Lightfastness Test Results on Noodlers Eternal Inks, pigmented and iron gall inks, and more

Last year, I began some lightfastness testing on the full line of Noodler's Eternal Inks, as well as pigmented and iron gall inks by other brands (Sailor, Rohrer & Klingner, Diamine, and Platinum). This was done in collaboration with Brian Goulet of the Goulet Pen Company. Brian was interested in providing information to his customers, and I was interested in learning which inks would be best to use for assorted art applications. You can click here to see how I set up the test sheets.

It is now many months later, and the results are in! I tested 41 eternal, pigmented, and iron gall inks. There are another 45 or so inks that I tested at the same time, which do not fall into those categories, and I will discuss those briefly here as well. Before I go into the results, it is important to note that terminology varies between fountain pen folks and artists. No fountain pen ink is expected to live up to archival standards in art materials terms. These inks are not designed to be lightfast when exposed to UV light. Brian and I both faced this test with low expectations, which were, for the most part, confirmed. That being said, there were some inks that held up better than expected, and others that did surprisingly terrible in their class. Also, ink manufacturers sometimes make changes in color or composition of their inks between batches, so the results you get may be different from mine. For example, Noodler's Lexington Gray performed much better this time than a sample of it that I'd tested a couple of years ago.

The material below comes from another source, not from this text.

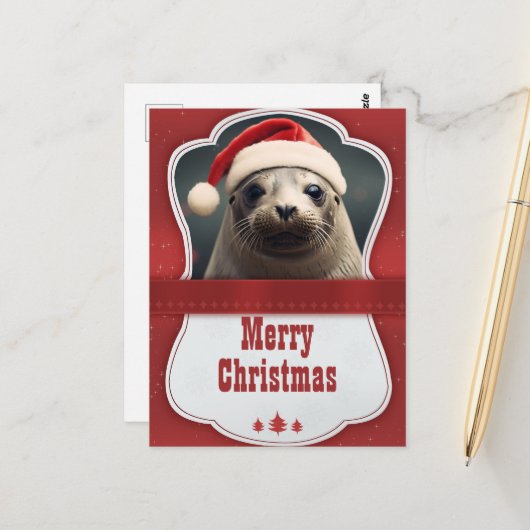 Weihnachts-Siegel Postkarte (Vorderseite/Rückseite Beispiel)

After five months, there were no inks that looked exactly the same as their control samples. However, some did extremely well, and changed very little. Those changes might not even be visible in the photos. The inks that were in this top tier are:
  • Noodler's Black
  • Noodler's Blackerase Waterase (big surprise for me!)
  • Noodler's Kung Te-Cheng
  • Noodlers La Reine Mauve
  • Platinum Carbon Black
  • Platinum Pigmented Blue
  • Sailor Nano Black
  • Sailor Blue Black

The second tier lists the inks that had a color shift greater than the inks above, but they didn't shift or fade very much. Those inks are:
  • Noodlers Heart of Darkness
  • Noodlers Polar Black
  • Noodlers X-feather
  • Noodlers Lexington Gray
  • Noodlers Bad Blue Heron
  • Noodlers Luxury Blue
  • Noodlers Polar Blue
The third tier is basically everything else. These inks either had a huge color shift, faded a lot, or in some cases, nearly vanished. Below are the photos, so you can have a look for yourselves.

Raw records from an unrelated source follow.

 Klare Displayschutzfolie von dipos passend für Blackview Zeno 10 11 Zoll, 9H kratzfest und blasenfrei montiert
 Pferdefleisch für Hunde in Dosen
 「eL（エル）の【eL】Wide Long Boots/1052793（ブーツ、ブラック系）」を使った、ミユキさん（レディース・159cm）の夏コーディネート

I gave a preliminary report last February about how the inks changed after the first six weeks. The samples then went back into the window for another three and a half months. Some changed little in the first six weeks and then nearly vanished! Others changed quite a bit in the first six, and not too much more after that. I attribute that to different ingredients and dyes in the inks, some of which are responding to the UV light faster or slower than others. Because of this interesting difference in the time frames, I am going to post both the six week and five month samples one below the other. Only the Noodlers Eternal Inks have six-week results, since I put those tests into the window first. The others have only the five-month images. (They went into the window later and came out later.)

Artists who are interested in knowing which inks can create a wash, and the color of the wash, will be able to see that in the samples. That washed area is generally where changes first appear, since there is a thinner application of the ink there. The six week and five month photos were taken with different cameras and different light sources, but you can still do the comparisons on each page. You can click images for a larger, clearer view. One thing you will notice is that due to the optical brighteners in the paper, the UV light caused the paper to yellow a bit by the five month mark, even though it is archival paper.

The control side is on the left, which was kept inside a sketchbook. The right side of each page was in the window. I then taped the pages back together to photograph them. It's much easier to make the comparisons with the sides together this way.

If you have a favorite ink in this test group, be sure you look at both the six week and five month samples! Remember that some inks that showed little change in six weeks had huge changes just a few weeks later. All images are clickable for a larger, clearer view.

Sheet 1, Six week sample:

Sheet 1, after five months:

Sheet 2, six week sample:

Sheet 2, five month sample:

Sheet 3, six week sample:

Sheet 3, five month sample:

Sheet 4, six week sample:

Sheet 4, five month sample:

Sheet 5, six week samples:

Sheet 5, five month samples:

Sheet 6, six week samples:

Sheet 6, five month samples:

Sheet 7, six week samples:

Sheet 7, five month samples:

Below are tests of the following inks that were included in the study, but not photographed at the six week mark. These were also in the window for five months:

  • Platinum Carbon Black
  • Platinum Pigmented Rose Red
  • Platinum Pigmented Sepia
  • Platinum Pigmented Blue
  • Sailor Sei-Boku Blue Black
  • Sailor Kiwa-Gura Nano Black
  • Rohrer & Klingner Scabiosa
  • Rohrer & Klingner Salix
  • Diamine Registrar's Blue-Black

Sheet 8, five month samples:

Sheet 9, five month samples:

That was it for the Eternal, iron gall, and pigmented ink samples I had for testing. If you found some of those results discouraging, you'll feel better about them once you look at inks that don't fall into those categories. I didn't even photograph most of those, because for the most part, they nearly vanished. Below are two examples.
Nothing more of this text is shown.